Open-government advocates in Wyoming, led by newspaper publishers, are fighting to keep access to public records free in the digital age. Wyoming law says citizens should be able to see public records at no cost, but the state is trying through courts and the Legislature to impose fees on those seeking electronic documents. (Graphic by descrier.co.uk)

pulitzerLogoBlack122815 resized— This story is part of a six-topic series addressing issues of importance to Wyoming sponsored by the Wyoming Humanities Council as part of the Pulitzer Prizes Centennial Campfires Initiative, a joint venture of the Pulitzer Prizes Board and the Federation of State Humanities Councils in celebration of the 2016 centennial of the Prizes — Ed.

Open-government advocates nervously await two decisions they say could flip laws allowing free inspection of government documents and instead permit agencies to charge for access to public electronic records, including emails.

Judges and administrators are finalizing a court case and rule that will test and perhaps constrain what information John Q Public gets about his government, how he gets it and whether he has to pay for it.
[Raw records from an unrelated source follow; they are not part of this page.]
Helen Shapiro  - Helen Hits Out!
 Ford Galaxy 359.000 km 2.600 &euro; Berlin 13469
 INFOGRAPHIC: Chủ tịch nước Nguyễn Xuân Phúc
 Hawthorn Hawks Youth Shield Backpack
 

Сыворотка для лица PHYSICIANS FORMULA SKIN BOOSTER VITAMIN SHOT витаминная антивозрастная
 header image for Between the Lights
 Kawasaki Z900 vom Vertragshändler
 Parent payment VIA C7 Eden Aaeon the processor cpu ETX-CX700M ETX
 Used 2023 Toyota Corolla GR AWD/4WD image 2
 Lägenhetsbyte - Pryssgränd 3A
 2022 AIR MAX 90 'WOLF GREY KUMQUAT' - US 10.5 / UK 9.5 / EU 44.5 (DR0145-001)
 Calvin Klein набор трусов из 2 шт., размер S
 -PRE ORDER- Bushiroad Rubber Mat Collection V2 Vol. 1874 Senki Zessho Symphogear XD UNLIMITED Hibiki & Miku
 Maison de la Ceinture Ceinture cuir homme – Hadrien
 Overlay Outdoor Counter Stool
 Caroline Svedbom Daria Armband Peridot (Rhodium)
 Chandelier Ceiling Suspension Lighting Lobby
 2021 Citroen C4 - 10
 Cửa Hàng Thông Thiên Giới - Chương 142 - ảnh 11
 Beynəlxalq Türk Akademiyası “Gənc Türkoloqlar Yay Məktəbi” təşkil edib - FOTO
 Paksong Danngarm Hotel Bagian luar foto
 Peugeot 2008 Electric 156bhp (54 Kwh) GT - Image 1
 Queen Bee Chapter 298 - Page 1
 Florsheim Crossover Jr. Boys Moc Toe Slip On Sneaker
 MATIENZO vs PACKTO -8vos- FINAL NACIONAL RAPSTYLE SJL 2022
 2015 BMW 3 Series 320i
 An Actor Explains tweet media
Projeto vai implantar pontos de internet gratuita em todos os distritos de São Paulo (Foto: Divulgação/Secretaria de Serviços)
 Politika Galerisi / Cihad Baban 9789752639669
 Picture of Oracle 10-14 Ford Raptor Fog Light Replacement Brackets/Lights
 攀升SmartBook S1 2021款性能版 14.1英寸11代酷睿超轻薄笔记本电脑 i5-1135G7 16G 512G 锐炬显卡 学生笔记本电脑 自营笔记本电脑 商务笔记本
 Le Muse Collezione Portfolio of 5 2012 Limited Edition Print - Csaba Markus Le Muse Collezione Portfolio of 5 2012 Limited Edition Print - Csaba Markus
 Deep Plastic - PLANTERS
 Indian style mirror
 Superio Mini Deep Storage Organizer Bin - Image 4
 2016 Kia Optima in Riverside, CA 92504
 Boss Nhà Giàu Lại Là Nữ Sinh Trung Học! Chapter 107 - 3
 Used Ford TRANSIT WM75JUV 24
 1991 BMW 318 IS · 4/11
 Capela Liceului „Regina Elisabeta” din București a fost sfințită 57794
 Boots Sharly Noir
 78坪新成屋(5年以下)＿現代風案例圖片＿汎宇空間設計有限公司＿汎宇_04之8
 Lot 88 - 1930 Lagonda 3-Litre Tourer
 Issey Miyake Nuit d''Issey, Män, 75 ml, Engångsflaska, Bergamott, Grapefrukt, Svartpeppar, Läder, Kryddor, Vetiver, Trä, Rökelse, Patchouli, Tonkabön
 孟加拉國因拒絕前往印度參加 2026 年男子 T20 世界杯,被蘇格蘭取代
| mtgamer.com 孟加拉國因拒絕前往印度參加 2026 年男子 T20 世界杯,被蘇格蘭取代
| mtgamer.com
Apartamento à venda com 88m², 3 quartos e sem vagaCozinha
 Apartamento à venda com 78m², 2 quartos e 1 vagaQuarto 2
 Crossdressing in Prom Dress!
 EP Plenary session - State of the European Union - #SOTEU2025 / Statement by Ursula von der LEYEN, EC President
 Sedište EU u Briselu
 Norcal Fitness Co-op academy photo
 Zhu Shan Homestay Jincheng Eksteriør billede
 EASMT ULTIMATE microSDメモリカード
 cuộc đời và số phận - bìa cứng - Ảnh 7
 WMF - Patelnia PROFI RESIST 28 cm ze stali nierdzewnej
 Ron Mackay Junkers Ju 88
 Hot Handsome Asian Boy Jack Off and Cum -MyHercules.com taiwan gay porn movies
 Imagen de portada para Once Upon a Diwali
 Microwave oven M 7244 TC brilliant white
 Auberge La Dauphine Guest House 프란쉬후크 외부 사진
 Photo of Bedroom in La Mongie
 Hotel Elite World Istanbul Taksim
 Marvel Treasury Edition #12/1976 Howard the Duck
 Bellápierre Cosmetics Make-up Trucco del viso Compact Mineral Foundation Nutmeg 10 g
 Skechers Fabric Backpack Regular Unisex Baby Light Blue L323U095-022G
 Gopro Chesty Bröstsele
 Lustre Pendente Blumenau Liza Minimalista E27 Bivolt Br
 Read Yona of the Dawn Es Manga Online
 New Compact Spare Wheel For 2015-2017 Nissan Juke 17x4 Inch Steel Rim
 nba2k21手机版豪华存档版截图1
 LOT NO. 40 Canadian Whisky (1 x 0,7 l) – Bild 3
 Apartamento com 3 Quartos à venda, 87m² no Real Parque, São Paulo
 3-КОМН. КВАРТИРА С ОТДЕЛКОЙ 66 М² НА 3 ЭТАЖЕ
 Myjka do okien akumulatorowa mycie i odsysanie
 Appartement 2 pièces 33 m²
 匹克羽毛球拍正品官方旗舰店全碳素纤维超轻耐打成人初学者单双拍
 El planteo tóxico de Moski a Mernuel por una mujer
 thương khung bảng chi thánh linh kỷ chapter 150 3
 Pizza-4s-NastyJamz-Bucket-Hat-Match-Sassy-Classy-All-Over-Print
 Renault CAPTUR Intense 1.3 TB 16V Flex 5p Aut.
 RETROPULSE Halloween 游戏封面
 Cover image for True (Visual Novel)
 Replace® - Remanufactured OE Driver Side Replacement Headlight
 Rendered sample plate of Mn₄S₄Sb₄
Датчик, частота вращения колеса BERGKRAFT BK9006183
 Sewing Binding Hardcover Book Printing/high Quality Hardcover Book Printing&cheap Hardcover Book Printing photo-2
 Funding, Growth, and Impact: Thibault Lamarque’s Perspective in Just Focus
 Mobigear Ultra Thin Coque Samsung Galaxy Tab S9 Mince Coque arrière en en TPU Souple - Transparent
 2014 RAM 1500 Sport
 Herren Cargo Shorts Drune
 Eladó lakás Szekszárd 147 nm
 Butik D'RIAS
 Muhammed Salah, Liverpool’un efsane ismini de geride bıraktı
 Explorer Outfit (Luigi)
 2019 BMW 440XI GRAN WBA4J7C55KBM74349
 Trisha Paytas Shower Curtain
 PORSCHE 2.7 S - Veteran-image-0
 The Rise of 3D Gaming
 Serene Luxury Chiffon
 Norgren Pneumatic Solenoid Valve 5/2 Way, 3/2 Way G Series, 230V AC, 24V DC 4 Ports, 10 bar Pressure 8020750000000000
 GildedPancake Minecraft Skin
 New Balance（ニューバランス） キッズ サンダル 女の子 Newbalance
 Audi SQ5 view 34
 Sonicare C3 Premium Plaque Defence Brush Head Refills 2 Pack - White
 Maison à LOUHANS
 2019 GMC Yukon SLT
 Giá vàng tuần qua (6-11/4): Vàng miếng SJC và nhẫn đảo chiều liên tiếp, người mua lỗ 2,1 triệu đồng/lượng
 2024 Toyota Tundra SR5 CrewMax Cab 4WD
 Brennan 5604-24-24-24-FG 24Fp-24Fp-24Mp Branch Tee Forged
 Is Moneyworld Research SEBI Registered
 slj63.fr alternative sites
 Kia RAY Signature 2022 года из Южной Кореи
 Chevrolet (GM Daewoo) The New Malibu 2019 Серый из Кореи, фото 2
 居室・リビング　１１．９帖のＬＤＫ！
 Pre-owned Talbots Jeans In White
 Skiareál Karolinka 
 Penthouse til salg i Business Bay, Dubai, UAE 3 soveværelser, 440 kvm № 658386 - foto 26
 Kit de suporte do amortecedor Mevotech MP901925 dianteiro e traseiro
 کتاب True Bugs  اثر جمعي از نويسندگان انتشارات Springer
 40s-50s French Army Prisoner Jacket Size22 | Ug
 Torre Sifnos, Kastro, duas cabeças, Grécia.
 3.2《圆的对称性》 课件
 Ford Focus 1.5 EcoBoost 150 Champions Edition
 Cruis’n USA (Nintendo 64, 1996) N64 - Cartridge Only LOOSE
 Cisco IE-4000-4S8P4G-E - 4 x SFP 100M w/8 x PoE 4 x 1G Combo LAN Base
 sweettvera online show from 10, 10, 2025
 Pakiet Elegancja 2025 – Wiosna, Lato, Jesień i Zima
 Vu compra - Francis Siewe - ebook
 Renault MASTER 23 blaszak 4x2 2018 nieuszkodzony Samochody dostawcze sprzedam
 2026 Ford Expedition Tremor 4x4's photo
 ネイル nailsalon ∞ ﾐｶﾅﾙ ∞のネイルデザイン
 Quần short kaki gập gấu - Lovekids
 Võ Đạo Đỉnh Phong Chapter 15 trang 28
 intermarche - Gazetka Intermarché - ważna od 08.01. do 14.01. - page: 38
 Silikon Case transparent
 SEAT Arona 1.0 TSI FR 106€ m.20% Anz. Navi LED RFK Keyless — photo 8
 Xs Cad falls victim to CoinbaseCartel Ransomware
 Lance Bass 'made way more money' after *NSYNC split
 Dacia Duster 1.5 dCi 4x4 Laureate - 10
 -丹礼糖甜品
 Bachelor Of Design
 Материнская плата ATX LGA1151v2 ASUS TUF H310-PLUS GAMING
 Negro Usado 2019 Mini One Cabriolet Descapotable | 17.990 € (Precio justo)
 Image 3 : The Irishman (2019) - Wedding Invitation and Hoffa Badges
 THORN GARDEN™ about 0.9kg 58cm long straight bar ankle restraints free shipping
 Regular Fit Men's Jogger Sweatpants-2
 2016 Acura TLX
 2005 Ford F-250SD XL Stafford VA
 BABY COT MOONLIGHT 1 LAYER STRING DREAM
At issue is whether governments and agencies are keeping up with technology or using the changing world of the internet as an excuse to limit public access to their decision-making process.

“Definitely we’re worried about our public access, our freedoms and our ability to cover the news,” Wyoming Press Association president Toby Bonner said. “If it’s public information there shouldn’t be a charge for it.” Government lawyers say charges are appropriate in a world where business is increasingly conducted electronically and clerks have to fetch digital files.

In a case before the Wyoming Supreme Court, the Wyoming Tribune Eagle questions whether a Laramie County school district is allowed to charge it for accessing and reading electronic public documents — in this case emails.

At the same time, the Department of Administration and Information is finalizing a rule that would charge the public to see some state government emails and other documents. Department officials did not accept WyoFile’s request for an interview.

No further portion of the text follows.